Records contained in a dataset
--------
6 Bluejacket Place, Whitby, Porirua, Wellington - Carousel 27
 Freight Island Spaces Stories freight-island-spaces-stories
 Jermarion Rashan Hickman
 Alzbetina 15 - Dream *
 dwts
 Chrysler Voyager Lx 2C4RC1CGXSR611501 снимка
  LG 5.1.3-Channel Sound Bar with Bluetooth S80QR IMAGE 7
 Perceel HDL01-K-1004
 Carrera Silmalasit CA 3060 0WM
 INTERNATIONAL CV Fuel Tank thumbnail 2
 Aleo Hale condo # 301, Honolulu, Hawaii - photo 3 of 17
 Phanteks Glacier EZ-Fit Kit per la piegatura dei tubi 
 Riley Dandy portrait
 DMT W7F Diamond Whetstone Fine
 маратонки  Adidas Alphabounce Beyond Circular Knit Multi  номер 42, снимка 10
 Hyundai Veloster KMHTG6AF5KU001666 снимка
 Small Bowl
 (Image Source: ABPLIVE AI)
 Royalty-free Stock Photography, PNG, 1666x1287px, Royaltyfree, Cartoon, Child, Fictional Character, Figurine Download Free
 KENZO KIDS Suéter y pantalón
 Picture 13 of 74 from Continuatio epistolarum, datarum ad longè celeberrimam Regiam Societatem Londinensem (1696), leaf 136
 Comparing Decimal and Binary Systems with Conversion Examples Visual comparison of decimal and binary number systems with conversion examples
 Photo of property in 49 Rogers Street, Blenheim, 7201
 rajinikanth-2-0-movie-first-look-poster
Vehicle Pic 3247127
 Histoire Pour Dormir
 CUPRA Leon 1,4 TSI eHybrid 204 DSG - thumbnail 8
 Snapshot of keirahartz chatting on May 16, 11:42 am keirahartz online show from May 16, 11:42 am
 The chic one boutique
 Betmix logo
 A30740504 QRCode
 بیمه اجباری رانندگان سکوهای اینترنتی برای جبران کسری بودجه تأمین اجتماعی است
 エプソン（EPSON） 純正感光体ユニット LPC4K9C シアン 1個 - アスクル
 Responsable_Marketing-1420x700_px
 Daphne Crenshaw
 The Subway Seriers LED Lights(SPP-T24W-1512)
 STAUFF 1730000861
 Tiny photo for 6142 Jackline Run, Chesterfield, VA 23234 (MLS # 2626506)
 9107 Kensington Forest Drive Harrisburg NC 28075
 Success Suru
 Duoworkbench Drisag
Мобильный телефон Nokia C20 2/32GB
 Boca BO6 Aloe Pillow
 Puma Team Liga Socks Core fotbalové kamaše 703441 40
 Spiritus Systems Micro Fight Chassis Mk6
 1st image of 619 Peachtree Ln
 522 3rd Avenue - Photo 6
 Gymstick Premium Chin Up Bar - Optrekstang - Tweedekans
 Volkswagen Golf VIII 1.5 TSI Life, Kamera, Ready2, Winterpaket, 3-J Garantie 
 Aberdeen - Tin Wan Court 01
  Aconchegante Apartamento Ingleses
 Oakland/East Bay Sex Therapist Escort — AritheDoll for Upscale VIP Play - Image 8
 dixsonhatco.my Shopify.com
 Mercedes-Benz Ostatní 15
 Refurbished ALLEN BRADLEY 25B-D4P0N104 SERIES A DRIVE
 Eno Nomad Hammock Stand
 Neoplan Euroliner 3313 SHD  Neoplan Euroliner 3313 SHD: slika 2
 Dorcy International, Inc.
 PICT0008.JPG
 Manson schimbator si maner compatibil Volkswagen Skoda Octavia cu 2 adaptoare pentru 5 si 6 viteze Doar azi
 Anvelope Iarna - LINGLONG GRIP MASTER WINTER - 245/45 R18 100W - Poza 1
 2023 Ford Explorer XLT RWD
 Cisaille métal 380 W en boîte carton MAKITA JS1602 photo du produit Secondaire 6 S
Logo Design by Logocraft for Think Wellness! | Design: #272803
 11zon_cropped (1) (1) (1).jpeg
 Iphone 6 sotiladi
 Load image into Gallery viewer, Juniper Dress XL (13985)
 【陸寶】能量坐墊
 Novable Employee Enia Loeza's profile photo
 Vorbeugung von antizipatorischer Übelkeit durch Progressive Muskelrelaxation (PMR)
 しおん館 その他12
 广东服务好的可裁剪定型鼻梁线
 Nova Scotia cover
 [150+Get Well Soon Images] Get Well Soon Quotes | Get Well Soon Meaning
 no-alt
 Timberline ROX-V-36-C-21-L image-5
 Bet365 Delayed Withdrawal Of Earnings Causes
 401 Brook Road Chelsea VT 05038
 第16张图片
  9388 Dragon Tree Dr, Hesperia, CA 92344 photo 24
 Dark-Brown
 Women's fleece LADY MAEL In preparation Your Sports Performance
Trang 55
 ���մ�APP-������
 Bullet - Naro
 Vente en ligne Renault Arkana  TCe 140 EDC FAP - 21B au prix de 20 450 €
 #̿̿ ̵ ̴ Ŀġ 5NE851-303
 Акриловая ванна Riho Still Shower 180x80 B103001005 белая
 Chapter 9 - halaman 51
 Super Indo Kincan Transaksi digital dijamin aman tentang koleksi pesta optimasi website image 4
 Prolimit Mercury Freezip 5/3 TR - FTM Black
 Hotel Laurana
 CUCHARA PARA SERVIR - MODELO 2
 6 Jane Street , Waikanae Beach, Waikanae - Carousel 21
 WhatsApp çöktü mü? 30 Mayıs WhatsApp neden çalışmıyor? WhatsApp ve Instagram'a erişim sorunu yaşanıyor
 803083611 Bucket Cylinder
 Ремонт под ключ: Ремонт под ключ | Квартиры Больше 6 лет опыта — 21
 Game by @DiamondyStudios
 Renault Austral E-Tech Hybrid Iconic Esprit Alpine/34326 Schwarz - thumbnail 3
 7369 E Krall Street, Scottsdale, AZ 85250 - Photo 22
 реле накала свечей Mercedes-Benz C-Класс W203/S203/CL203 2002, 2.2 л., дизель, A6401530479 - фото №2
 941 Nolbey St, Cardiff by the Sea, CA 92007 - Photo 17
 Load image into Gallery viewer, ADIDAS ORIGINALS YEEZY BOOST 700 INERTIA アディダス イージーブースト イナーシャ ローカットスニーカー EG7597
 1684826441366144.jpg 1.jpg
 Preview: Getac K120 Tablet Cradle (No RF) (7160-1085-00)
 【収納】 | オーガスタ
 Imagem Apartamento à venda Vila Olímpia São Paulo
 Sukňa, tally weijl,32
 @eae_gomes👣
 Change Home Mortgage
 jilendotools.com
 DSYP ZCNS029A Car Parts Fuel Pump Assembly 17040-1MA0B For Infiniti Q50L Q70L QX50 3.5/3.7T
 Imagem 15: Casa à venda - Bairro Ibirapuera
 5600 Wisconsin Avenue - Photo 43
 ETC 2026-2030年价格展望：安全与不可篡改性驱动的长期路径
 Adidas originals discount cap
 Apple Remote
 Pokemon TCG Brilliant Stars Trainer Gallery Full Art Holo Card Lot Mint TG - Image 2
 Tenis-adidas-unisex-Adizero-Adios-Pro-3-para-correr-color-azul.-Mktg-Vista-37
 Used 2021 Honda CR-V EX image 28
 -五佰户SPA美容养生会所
--------
Copy the lines of the data above exactly as written, beginning with the line containing "Refurbished ALLEN BRADLEY" and ending with the line containing "Anvelope Iarna - LINGLONG", and leave out all other lines.

 Refurbished ALLEN BRADLEY 25B-D4P0N104 SERIES A DRIVE
 Eno Nomad Hammock Stand
 Neoplan Euroliner 3313 SHD  Neoplan Euroliner 3313 SHD: slika 2
 Dorcy International, Inc.
 PICT0008.JPG
 Manson schimbator si maner compatibil Volkswagen Skoda Octavia cu 2 adaptoare pentru 5 si 6 viteze Doar azi
 Anvelope Iarna - LINGLONG GRIP MASTER WINTER - 245/45 R18 100W - Poza 1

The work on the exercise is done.